Es posible que sea objeto de una paradoja inaudita,
que dichoso por el encuentro con mi media naranja, me
trague de seguido el purgante de comprobar que se halla
exprimida, que el tren que el destino me asignó llegó a
la estación con años de retraso.
A veces, cuando me siento a pensar en lo que ya no tiene
remedio, alcanzo la maldita conclusión de que el ritmo de
mi caminar hacia el mar que todo lo anega es, o más lento
o difuso que el debido, diría más bien lo segundo.
Aunque, ¿Quién decide cuál es el ritmo adecuado?
Quizá sea mi natural tendencia al recogimiento lo que obra
el suceso que dimensiona mi carácter en todo lo esencial.
Quizás sea que lo que he podido divisar en mi interior me
ha entretenido, me ha parado a disfrutar de ellas, y me ha
incitado a llegar tarde a otras citas que, aunque el diligente
destino me las preparó envueltas en papel celofán, estimé
preferible posponer.
Quizá se trata simplemente de que mi intuición, sabedora
de que el camino es solo de ida, tercia emboscadas inefables
que me desvían del sentido recto del paso, que es, el más
pronto para llegar al objetivo, por otra parte indeseable.
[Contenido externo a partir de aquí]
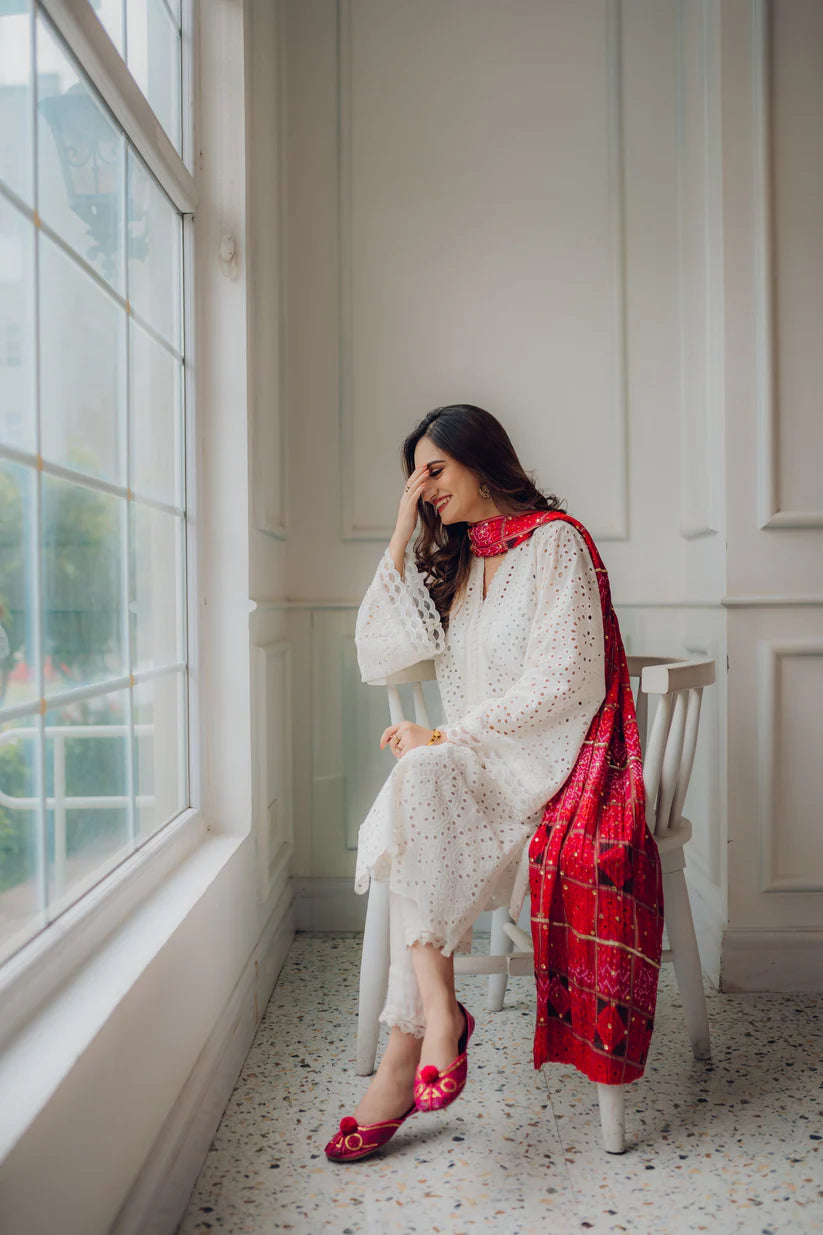 Maria.B 3Pc  Chikenkari Embroidered With Printed Lawn Dupatta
Me encanta apartarme a la ribera a coger margaritas blancas
que fragantes brotan a la vida que nace insultante, juguetear
con los saltamontes y lagartijas que me sorprenden al surgir,
en definitiva, olvidarme de andar por que sé que, de hacerlo,
restaré esperanzas a mis pretensiones de inmortalidad.
Me afano en lograr la piedra filosofal que conjure lo inexorable.